Glory 17: Los Angeles was a kickboxing event held on June 21, 2014 at The Forum in Inglewood, California, USA.

===Background===
This show was Glory's first Pay-per-view event. Main card of this event featured world title fight of Rico Verhoeven vs. Daniel Ghiță for the vacant Glory Heavyweight Championship, another world title fight of Marc de Bonte vs. Joseph Valtellini for the Glory Welterweight Championship, and 8-Man Glory Middleweight Last Man Standing Tournament for the inaugural Glory Middleweight Championship. Participants for middleweight tournament were Alex Pereira, Artem Levin, Bogdan Stoica, Filip Verlinden, Joe Schilling, Melvin Manhoef, Simon Marcus and Wayne Barrett.

On the preliminary card, a 4-Man Featherweight Contender Tournament and other one-off bouts were featured.

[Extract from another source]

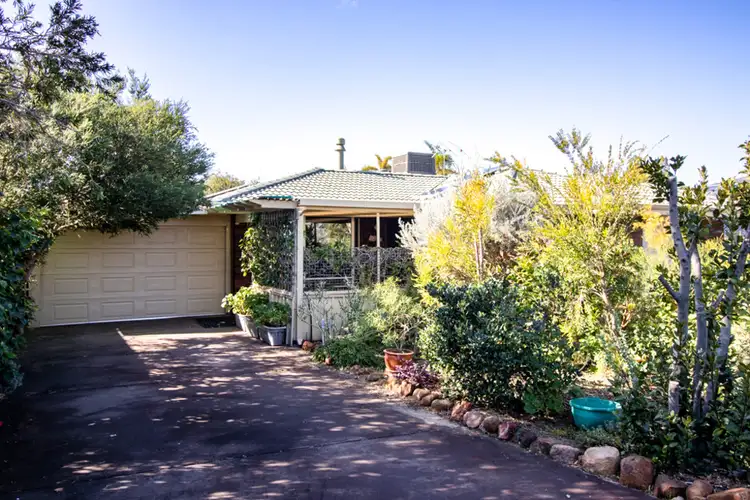9 Gumnut Crescent, Safety Bay WA 6169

Mirko Cro Cop was first scheduled to face Pat Barry, and later Sergei Kharitonov on this card. However, on May 21, it was announced that Kharitonov had to withdraw from the fight due to injury. He was replaced by Jarrell Miller.

Miguel Torres was scheduled to make his GLORY debut as a participant of the Featherweight tournament. However, on May 28, it was revealed he pulled out of the tournament for undisclosed reasons. He was replaced by Marcus Vinicius.

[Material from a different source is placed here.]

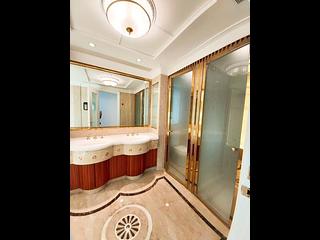 Mid Levels Central - Regence Royale Tower 2 12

Preliminary card had average of 487,000 viewers on Spike TV, and main card drew an estimated 6,000 PPV buys.

===Results===
Main Card (PPV)
| Weight Class | | | | Method | Round | Time | Notes |
| Middleweight | RUS Artem Levin | def. | USA Joe Schilling | Decision (unanimous) | 3 | 3:00 | Middleweight Last Man Standing Tournament Final; For the Middleweight Championship |
| Heavyweight | NED Rico Verhoeven | def. | ROU Daniel Ghiță | Decision (unanimous) | 5 | 3:00 | For the Heavyweight Championship |
| Middleweight | USA Joe Schilling | def. | USA Wayne Barrett | Decision (split) | 3 | 3:00 | Middleweight Last Man Standing Tournament Semi Final |
| Middleweight | RUS Artem Levin | def. | BEL Filip Verlinden | Decision (unanimous) | 3 | 3:00 | Middleweight Last Man Standing Tournament Semi Final |
| Welterweight | CAN Joseph Valtellini | def. | BEL Marc de Bonte (c) | Decision (unanimous) | 5 | 3:00 | For the Welterweight Championship |
| Middleweight | USA Wayne Barrett | def. | ROU Bogdan Stoica | KO (punch) | 3 | 0:58 | Middleweight Last Man Standing Tournament Quarter Final |
| Middleweight | USA Joe Schilling | def. | CAN Simon Marcus | KO (punch) | 4 | 2:41 | Middleweight Last Man Standing Tournament Quarter Final |
| Middleweight | BEL Filip Verlinden | def. | SUR Melvin Manhoef | Decision (majority) | 3 | 3:00 | Middleweight Last Man Standing Tournament Quarter Final |
| Middleweight | RUS Artem Levin | def. | BRA Alex Pereira | Decision (unanimous) | 3 | 3:00 | Middleweight Last Man Standing Tournament Quarter Final |
Preliminary Card (Spike)
| Weight Class | | | | Method | Round | Time | Notes |
| Heavyweight | CRO Mirko Cro Cop | def. | USA Jarrell Miller^{1} | Decision (unanimous) | 3 | 3:00 | |
| Featherweight | CAN Gabriel Varga | def. | USA Shane Oblonsky | Decision (unanimous) | 3 | 3:00 | Featherweight Contender Tournament Final |
| Lightweight | SUR Andy Ristie | def. | USA Ky Hollenbeck | KO (punch) | 1 | 0:35 | |
| Featherweight | USA Shane Oblonsky | def. | BRA Marcus Vinicius^{2} | Decision (unanimous) | 3 | 3:00 | Featherweight Contender Tournament Semi Final |
| Featherweight | CAN Gabriel Varga | def. | THA Yodkhunpon Sitmonchai | Decision (unanimous) | 3 | 3:00 | Featherweight Contender Tournament Semi Final |

^{1} Pat Barry was replaced with Sergei Kharitonov, and later Jarrell Miller.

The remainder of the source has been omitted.